Amy B. Smoyer, PhD

Prison Food, Incarcerated Lives, Health & Social Work

Donut Dollies in España?

A touch of home in the midst of chaos.
More than 600 women served as Red Cross Volunteers, or Donut Dollies, during the Vietnam War. These women traveled to the front lines of the conflict to offer recreational programs for combat soldiers.  They offered a break from the intense and devastating reality of war with with handmade games, a cup of Kool-Aid, a song, and a smile.

My aunt Nancy was one of those women. She remains an active member of this group and the larger Vietnam Veteran community.  This summer, she showed us a documentary, "A Touch of Home," about these volunteers. Here's the trailer:
 


The movie asks, among other things, how can you help? What can you do? And highlights the value of connection to home when you are far away and in danger.

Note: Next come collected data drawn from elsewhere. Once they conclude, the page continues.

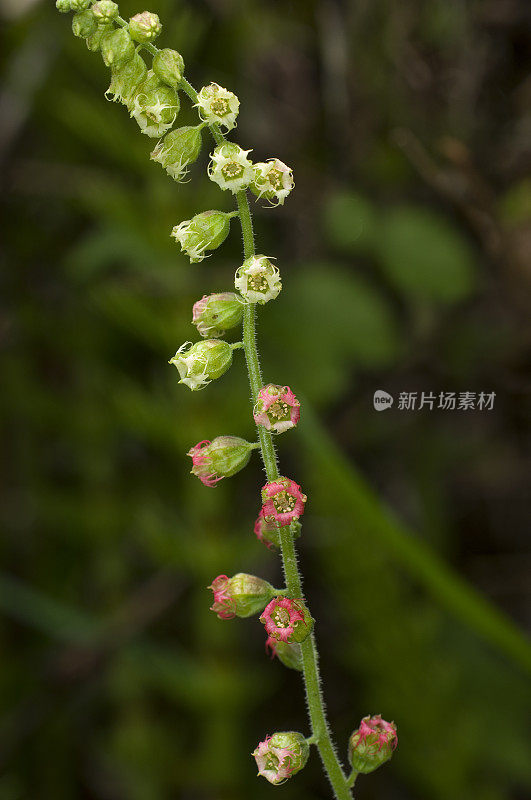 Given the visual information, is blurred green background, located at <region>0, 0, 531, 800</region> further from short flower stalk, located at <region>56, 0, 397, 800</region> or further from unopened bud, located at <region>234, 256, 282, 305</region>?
unopened bud, located at <region>234, 256, 282, 305</region>

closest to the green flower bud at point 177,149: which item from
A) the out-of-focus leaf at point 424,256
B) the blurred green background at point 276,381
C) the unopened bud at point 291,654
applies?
the unopened bud at point 291,654

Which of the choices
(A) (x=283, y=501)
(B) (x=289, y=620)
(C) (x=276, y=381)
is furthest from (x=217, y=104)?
(C) (x=276, y=381)

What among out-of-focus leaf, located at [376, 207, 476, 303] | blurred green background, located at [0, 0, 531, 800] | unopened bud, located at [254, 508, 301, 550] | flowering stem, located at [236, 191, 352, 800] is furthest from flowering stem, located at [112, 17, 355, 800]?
out-of-focus leaf, located at [376, 207, 476, 303]

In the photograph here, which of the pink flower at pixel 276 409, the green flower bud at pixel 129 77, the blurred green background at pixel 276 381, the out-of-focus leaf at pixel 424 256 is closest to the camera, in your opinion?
the pink flower at pixel 276 409

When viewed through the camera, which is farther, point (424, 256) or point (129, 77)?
point (424, 256)

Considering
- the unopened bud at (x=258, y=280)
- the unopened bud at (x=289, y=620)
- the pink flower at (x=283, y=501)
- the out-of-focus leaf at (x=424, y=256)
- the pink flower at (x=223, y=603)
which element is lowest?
the unopened bud at (x=289, y=620)

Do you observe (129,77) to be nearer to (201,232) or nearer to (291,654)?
(201,232)

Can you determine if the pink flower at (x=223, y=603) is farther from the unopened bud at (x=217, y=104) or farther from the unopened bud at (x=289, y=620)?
the unopened bud at (x=217, y=104)

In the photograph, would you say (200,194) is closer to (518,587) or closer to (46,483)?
(46,483) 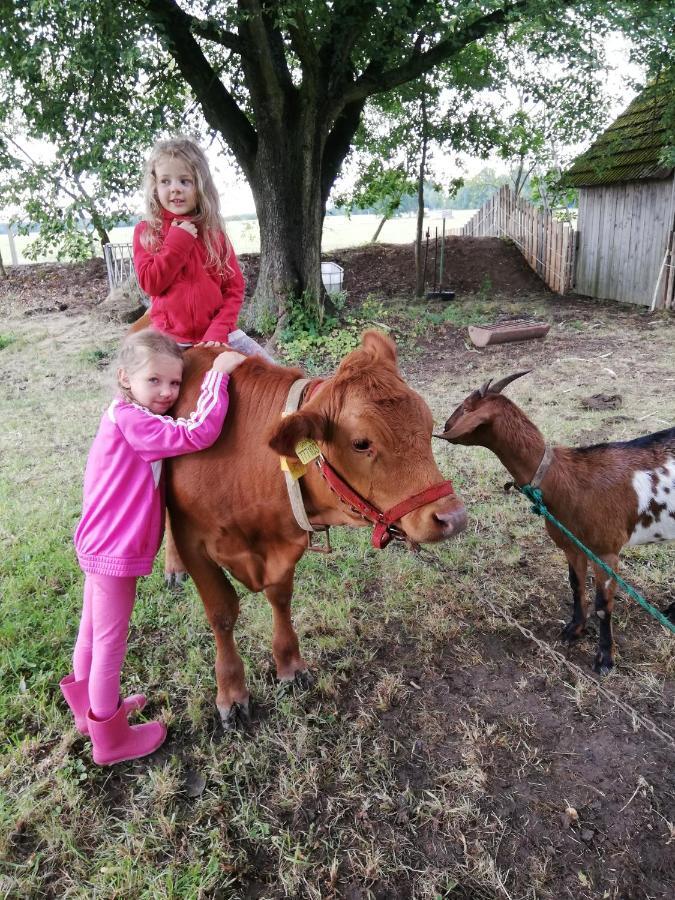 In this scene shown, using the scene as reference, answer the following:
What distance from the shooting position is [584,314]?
12.0 meters

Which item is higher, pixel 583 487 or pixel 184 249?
pixel 184 249

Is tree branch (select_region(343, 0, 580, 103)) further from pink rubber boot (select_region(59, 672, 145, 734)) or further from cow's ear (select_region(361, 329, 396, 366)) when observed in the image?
pink rubber boot (select_region(59, 672, 145, 734))

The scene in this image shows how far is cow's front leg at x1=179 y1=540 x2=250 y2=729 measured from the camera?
8.60ft

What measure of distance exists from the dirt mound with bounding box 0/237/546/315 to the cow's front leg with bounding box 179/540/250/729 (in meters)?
11.6

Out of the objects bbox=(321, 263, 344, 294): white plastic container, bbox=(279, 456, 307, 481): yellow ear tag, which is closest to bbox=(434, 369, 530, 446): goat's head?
bbox=(279, 456, 307, 481): yellow ear tag

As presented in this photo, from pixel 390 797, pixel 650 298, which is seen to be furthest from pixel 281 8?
pixel 650 298

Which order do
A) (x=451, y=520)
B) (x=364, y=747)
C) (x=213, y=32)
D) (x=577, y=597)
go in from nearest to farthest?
(x=451, y=520) < (x=364, y=747) < (x=577, y=597) < (x=213, y=32)

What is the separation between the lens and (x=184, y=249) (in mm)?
2852

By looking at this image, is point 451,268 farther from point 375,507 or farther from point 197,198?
point 375,507

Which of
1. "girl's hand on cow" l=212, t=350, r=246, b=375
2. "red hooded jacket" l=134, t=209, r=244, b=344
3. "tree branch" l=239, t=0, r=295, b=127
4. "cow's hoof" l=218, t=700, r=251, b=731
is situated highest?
"tree branch" l=239, t=0, r=295, b=127

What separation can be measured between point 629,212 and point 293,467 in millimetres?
13936

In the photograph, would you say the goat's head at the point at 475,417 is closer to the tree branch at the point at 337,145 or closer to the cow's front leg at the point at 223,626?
the cow's front leg at the point at 223,626

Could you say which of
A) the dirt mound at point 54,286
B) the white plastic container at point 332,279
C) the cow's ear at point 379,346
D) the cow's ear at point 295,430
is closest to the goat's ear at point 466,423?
the cow's ear at point 379,346

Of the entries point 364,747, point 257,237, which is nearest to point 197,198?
point 364,747
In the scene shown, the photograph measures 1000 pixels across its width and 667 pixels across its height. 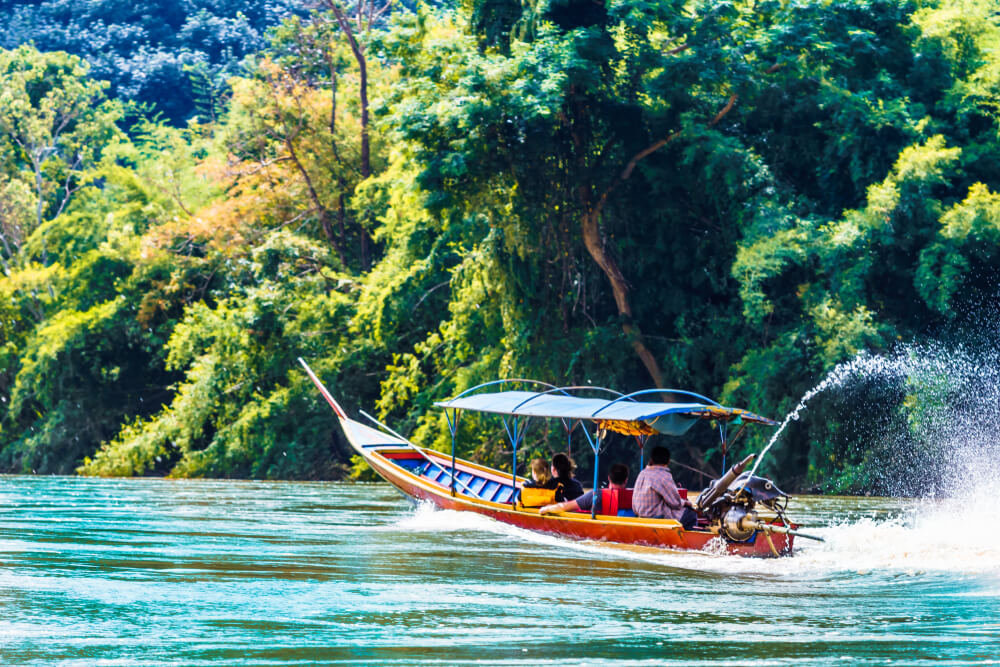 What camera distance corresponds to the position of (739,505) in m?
13.0

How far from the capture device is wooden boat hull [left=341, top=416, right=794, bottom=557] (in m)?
13.1

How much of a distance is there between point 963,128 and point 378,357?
571 inches

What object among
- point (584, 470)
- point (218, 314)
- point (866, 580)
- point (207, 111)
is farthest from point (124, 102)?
point (866, 580)

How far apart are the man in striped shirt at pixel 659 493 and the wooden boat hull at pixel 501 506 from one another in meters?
0.34

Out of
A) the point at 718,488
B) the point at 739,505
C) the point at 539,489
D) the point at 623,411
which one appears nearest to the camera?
the point at 739,505

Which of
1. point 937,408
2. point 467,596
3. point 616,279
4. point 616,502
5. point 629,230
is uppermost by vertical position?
point 629,230

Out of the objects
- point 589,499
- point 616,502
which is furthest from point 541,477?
point 616,502

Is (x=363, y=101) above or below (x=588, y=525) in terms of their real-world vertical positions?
above

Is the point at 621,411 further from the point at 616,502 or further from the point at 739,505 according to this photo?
the point at 739,505

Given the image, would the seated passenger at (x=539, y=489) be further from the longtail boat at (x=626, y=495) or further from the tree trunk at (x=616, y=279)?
the tree trunk at (x=616, y=279)

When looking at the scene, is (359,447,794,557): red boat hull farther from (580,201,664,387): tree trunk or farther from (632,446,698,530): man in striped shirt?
(580,201,664,387): tree trunk

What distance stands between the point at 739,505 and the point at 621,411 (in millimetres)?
2133

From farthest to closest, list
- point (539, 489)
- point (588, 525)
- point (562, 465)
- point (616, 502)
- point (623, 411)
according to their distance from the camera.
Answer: point (562, 465)
point (539, 489)
point (616, 502)
point (623, 411)
point (588, 525)

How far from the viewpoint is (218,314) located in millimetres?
33562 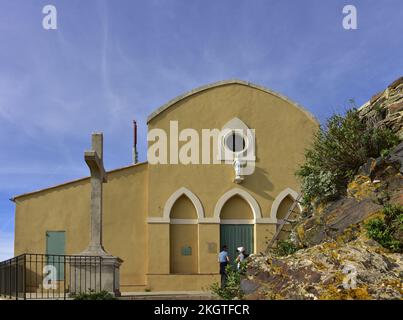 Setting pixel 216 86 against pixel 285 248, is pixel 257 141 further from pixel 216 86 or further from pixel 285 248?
pixel 285 248

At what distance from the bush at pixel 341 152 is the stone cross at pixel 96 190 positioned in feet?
19.2

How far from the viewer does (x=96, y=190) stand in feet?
47.0

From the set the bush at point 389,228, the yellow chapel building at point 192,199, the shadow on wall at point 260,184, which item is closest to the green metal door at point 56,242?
the yellow chapel building at point 192,199

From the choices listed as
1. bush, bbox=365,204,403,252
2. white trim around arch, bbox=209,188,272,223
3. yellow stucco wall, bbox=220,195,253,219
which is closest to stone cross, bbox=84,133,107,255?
white trim around arch, bbox=209,188,272,223

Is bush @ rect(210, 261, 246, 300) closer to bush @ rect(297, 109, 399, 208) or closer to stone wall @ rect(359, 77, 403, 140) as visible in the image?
bush @ rect(297, 109, 399, 208)

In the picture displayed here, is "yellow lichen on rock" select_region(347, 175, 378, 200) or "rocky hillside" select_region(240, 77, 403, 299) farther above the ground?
"yellow lichen on rock" select_region(347, 175, 378, 200)

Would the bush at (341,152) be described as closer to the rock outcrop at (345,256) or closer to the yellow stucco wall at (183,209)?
the rock outcrop at (345,256)

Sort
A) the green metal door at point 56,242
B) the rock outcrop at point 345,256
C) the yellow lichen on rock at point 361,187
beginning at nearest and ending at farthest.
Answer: the rock outcrop at point 345,256 → the yellow lichen on rock at point 361,187 → the green metal door at point 56,242

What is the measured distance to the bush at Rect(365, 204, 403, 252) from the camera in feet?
23.1

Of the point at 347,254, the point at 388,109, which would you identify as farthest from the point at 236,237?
the point at 347,254

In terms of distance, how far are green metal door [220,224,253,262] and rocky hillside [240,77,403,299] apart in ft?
33.9

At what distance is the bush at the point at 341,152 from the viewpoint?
32.6 feet

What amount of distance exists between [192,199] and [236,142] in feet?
9.63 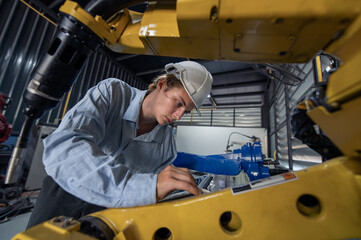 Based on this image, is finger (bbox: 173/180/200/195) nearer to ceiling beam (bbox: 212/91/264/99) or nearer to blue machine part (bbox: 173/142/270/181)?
blue machine part (bbox: 173/142/270/181)

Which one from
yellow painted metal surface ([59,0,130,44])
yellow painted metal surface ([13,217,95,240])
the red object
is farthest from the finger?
the red object

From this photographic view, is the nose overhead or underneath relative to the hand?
overhead

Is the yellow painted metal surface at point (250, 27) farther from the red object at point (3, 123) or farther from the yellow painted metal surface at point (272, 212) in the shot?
the red object at point (3, 123)

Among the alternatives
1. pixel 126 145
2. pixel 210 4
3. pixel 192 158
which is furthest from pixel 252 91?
pixel 210 4

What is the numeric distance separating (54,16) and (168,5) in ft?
14.2

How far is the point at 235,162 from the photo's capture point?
1.22 meters

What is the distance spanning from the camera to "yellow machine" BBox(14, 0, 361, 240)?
323 millimetres

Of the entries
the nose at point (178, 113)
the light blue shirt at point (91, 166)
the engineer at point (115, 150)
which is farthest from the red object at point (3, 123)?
the nose at point (178, 113)

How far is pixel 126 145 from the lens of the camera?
118 centimetres

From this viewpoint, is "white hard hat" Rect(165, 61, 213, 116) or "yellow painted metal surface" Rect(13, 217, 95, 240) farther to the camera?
"white hard hat" Rect(165, 61, 213, 116)

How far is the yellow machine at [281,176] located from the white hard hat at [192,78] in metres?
0.42

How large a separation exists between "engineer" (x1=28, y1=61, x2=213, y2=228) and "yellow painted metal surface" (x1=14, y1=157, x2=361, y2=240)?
2.4 inches

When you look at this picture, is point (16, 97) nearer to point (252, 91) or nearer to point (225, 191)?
point (225, 191)

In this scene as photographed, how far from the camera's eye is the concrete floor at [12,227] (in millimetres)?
1243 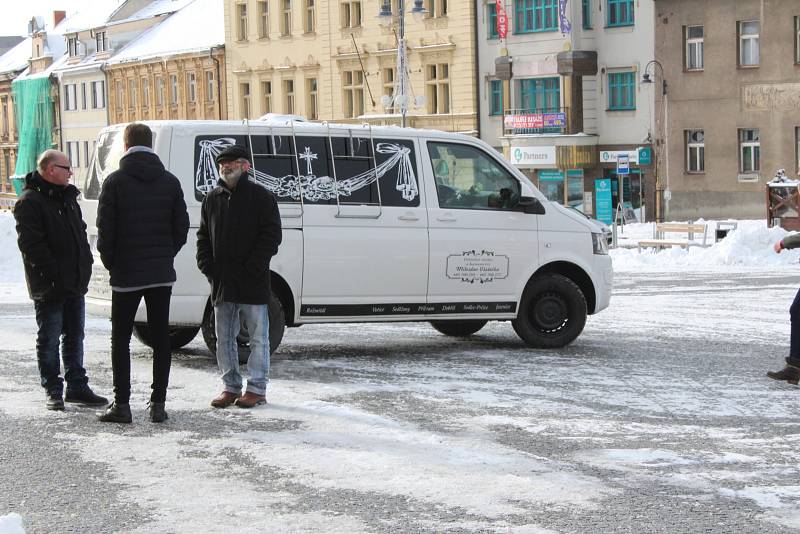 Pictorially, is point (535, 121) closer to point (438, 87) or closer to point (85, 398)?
point (438, 87)

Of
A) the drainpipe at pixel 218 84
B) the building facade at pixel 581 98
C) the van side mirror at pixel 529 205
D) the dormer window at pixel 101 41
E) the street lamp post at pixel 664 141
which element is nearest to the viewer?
the van side mirror at pixel 529 205

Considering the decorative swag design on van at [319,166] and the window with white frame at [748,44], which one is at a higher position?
the window with white frame at [748,44]

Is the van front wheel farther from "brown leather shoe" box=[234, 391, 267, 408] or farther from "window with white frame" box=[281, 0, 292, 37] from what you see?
"window with white frame" box=[281, 0, 292, 37]

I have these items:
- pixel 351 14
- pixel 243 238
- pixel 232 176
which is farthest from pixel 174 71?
pixel 243 238

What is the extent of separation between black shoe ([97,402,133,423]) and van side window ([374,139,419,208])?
13.4 feet

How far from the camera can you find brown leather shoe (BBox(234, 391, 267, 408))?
10500mm

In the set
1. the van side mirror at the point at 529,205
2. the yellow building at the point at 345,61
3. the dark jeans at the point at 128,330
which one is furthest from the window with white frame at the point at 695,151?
the dark jeans at the point at 128,330

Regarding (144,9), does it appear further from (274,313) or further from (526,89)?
(274,313)

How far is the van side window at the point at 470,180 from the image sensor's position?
1370 centimetres

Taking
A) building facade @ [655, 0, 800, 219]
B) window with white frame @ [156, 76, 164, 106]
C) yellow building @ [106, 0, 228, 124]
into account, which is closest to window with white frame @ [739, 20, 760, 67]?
building facade @ [655, 0, 800, 219]

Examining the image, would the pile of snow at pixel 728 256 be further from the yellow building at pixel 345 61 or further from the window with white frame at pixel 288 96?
the window with white frame at pixel 288 96

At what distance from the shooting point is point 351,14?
62.8m

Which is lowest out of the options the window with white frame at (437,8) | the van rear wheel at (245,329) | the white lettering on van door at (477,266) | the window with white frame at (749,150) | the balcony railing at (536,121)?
the van rear wheel at (245,329)

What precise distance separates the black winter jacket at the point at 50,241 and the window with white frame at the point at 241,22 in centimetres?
6058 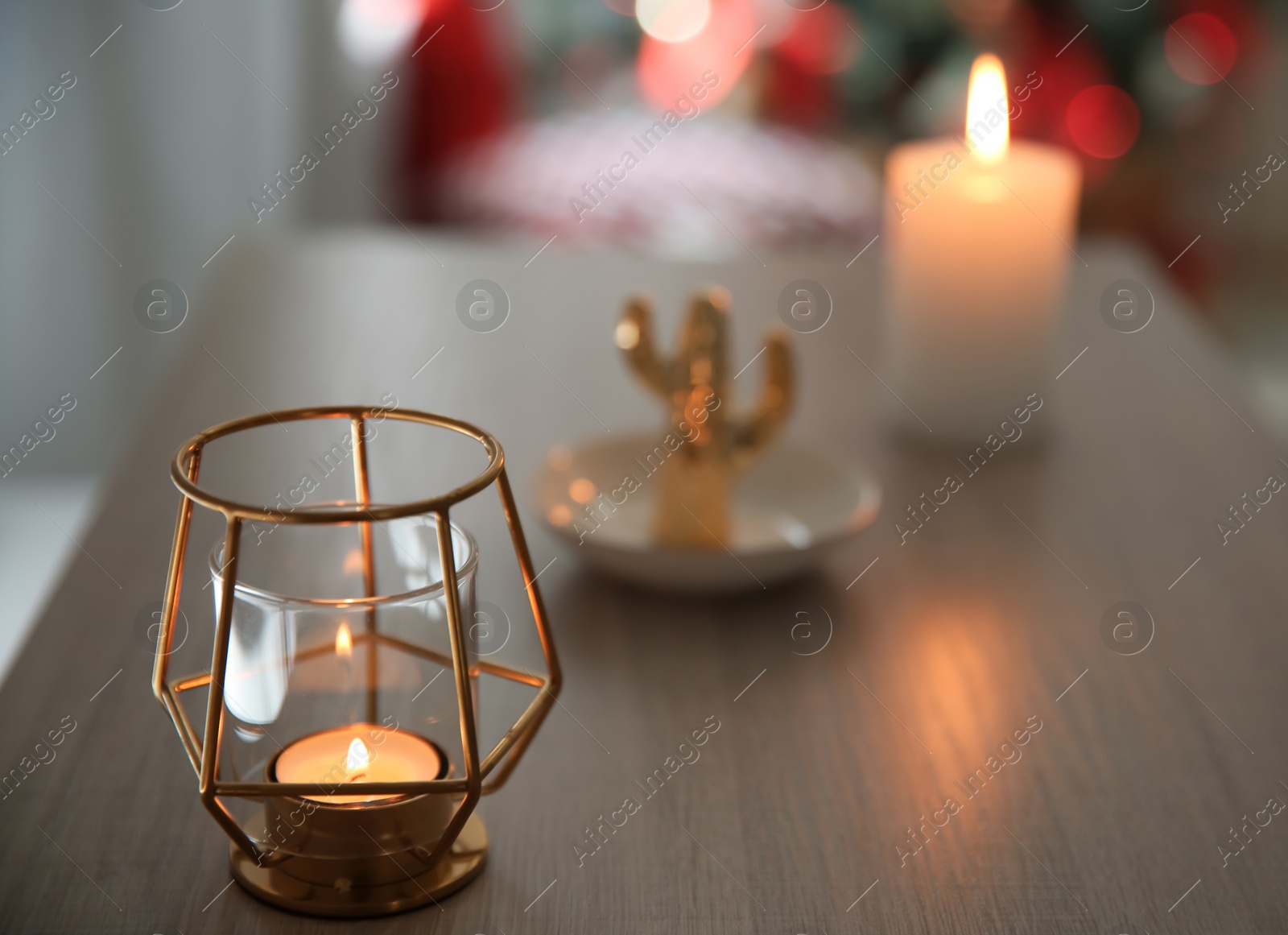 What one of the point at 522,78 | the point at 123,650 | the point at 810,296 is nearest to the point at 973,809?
the point at 123,650

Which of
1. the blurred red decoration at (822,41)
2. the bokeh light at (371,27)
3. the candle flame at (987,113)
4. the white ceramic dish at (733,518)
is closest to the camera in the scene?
the white ceramic dish at (733,518)

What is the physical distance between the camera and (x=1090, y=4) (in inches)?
109

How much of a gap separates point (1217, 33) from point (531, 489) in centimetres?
258

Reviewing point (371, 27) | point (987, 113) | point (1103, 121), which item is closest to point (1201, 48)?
point (1103, 121)

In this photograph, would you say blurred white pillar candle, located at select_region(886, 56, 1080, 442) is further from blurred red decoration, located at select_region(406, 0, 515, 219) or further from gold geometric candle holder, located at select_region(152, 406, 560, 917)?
blurred red decoration, located at select_region(406, 0, 515, 219)

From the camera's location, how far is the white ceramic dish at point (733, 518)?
61cm

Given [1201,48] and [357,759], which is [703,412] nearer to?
[357,759]

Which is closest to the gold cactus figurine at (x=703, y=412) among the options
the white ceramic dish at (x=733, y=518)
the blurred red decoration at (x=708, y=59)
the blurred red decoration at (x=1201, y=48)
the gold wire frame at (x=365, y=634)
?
the white ceramic dish at (x=733, y=518)

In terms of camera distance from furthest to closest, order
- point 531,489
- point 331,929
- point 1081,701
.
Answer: point 531,489 → point 1081,701 → point 331,929

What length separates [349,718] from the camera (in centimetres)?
42

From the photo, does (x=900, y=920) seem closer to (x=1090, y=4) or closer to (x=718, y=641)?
(x=718, y=641)

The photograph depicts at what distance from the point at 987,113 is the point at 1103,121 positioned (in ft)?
6.77

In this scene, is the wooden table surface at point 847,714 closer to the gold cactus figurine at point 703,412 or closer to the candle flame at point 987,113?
the gold cactus figurine at point 703,412

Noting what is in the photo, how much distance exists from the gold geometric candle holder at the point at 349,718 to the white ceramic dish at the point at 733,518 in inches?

This week when I learned that a train had jumped the rail and smashed into a concrete wall just a couple miles from where I sat, at my in-laws home outside Santiago de Compostela, I felt what we all felt: sad, confused, heartbroken.  Soon we learned nearly 80 people had died and more than 100 were injured in that moment. While I was happily talking to my brother-in-law about the impending birth of his baby girl and if the stroller would fit into their building's tiny elevator. Such is life.

It wasn't until the day after the accident that I learned there had been several US citizens on board, one had died and the others were hospitalized.  Not exactly sure if or how we could help, a couple of American friends and I went down to the hospital this morning to see if the injured Americans were still there. We brought books and Reese's Peanut Butter cups. As it turned out, there was only one US citizen in the hospital, and she is in a coma.  The others had been transferred to other facilities or discharged. We called the local consulate and gave them our phone numbers, in case a family member came into town and needed something we might be able to offer.  A place to stay, an American accent, a smile, a touch of home.

Not exactly a Donut Dolly effort, but an intention perhaps worthy of the tradition.